The paradox then and now is that poor defendants are jailed because they cannot afford bail, and dangerous defendants are freed because they can.

Key to remember is that the denial of bail results in the incarceration of poor defendants before they have been tried and convicted. Jailed defendants fare less well in rates of conviction and levels of sentencing, and they endure harsh conditions of incarceration before conviction in jails, many of which are worse than the prisons where convicted convicts are imprisoned.

At the same time, because of the criticism of the preventive detention of dangerous defendants, not scientifically provable to be dangerous but clearly so in the imperfect judgments of savvy judges, dangerous defendants go free on bail and often commit further crimes.

We have, then, the worst of both worlds.

And that paradox is compounded by the critical role in this process played by bondsmen who are in charge of providing bail, though they are not officials of the criminal justice system. The Vera Institute of Justice and other court and justice organizations have documented these problems, but they persist.

Civil libertarians have questioned the practice of setting bail, even low bail, for defendants who don’t have the resources to pay it, and thus end up in jail, often for prolonged periods. They are, in effect, imprisoned for being poor. Some plead guilty in order to get out of jail, studies have shown.

On the other hand, these same civil libertarians criticize judges who practice preventive detention, which is considered an unconstitutional imprisonment without trial, based on the presumption of guilt. Critics claim judges cannot predict who will commit a crime in the future while free before trial.

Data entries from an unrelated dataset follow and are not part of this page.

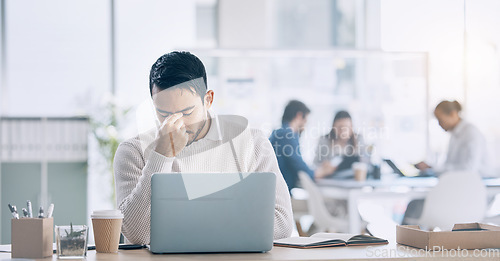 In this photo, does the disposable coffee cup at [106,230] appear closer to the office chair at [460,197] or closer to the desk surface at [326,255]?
the desk surface at [326,255]

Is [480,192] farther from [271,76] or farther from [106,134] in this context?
[106,134]

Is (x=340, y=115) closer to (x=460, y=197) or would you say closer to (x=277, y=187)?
(x=460, y=197)

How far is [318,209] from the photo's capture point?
461cm

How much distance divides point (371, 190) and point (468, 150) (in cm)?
80

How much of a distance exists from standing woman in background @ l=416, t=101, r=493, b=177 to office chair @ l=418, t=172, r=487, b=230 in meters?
0.42

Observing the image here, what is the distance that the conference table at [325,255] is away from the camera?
1479 mm

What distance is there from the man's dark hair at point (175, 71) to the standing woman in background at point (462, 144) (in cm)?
307

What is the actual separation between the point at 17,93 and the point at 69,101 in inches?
19.4

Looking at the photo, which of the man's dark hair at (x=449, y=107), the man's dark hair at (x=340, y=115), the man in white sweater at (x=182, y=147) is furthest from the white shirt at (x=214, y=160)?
the man's dark hair at (x=340, y=115)

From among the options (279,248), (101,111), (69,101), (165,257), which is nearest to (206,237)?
(165,257)

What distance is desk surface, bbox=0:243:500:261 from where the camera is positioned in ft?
4.86

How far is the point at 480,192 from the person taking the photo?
406 centimetres

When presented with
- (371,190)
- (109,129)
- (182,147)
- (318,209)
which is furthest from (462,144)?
(182,147)

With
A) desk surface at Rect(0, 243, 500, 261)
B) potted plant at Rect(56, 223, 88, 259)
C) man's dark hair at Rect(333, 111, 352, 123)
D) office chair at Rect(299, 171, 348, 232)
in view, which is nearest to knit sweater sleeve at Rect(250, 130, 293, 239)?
desk surface at Rect(0, 243, 500, 261) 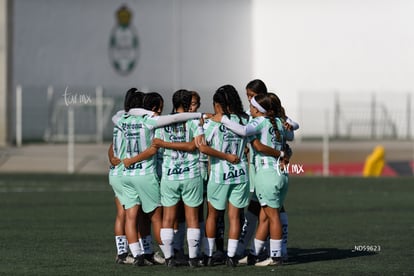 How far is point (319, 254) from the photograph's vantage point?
48.8 ft

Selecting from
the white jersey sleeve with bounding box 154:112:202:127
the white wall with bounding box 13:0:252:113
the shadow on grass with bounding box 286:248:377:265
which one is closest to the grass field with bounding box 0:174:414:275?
the shadow on grass with bounding box 286:248:377:265

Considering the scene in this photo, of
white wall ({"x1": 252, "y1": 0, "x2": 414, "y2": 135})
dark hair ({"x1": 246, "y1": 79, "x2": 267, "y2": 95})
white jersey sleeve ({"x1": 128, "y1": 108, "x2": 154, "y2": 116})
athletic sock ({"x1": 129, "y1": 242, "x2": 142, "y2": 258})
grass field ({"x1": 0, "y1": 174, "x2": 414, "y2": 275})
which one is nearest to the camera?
grass field ({"x1": 0, "y1": 174, "x2": 414, "y2": 275})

Experienced court officials believe they can apply logical conclusions based on their experiences — but they admit there is no science to their predictions.

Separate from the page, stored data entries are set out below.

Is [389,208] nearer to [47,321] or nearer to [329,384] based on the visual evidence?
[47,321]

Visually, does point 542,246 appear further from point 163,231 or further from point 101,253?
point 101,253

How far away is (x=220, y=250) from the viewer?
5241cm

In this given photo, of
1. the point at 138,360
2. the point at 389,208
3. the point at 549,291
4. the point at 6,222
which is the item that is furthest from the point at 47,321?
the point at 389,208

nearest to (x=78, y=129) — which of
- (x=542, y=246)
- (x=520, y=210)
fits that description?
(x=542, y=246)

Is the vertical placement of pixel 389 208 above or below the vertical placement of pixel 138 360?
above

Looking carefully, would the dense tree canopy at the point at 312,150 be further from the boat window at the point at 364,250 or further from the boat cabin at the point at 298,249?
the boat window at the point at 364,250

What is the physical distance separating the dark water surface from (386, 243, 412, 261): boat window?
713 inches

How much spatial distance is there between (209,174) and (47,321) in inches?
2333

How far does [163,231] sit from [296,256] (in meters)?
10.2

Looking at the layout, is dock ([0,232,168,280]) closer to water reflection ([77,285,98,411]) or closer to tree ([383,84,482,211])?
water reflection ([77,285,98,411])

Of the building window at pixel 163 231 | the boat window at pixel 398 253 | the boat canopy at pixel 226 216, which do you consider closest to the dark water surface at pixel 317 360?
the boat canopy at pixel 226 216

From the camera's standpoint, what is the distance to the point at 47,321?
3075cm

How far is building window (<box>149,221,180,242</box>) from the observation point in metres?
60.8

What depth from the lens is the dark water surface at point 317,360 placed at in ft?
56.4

What is needed are procedures whereby no defendant is jailed solely because he or she hasn’t the money for bail, and procedures whereby, based on open adversarial hearings, dangerous defendants can be detained — under decent conditions and for abbreviated times — based on reasonable predictive standards. Because truly dangerous defendants with resources can afford bail, and are released to commit further crimes, many judges practice preventive detention sub rosa by setting bail high enough to preclude defendants from making bail.  It would be fairer to do it above board and with clear limitations and protections.

Studies have shown that the cost of jailing defendants pretrial are greater than costs of community-based programs on economic grounds.

After the National Bail Conference sponsored by the Kennedy Justice Department, a federal law was signed by Lyndon Baines Johnson. The hope was that it would be a national model and the paradoxes of the bail laws would be cured. I have my pen and photo to memorialize that moving event. But the paradox continues. The problems persist. The costs — human and economic — remain manifest. One wonders: what does it take to bring about the rational reforms Chief Judge Lippman has asked for?

Ronald Goldfarb is a Washington, D.C., attorney and author. His award-winning book on bail reform, Ransom: A Critique of the American Bail System, was introduced by Supreme Court Justice Arthur Goldberg and further described in his New York Times Magazine article “A Brief for Preventive Detention” (March 1, 1970).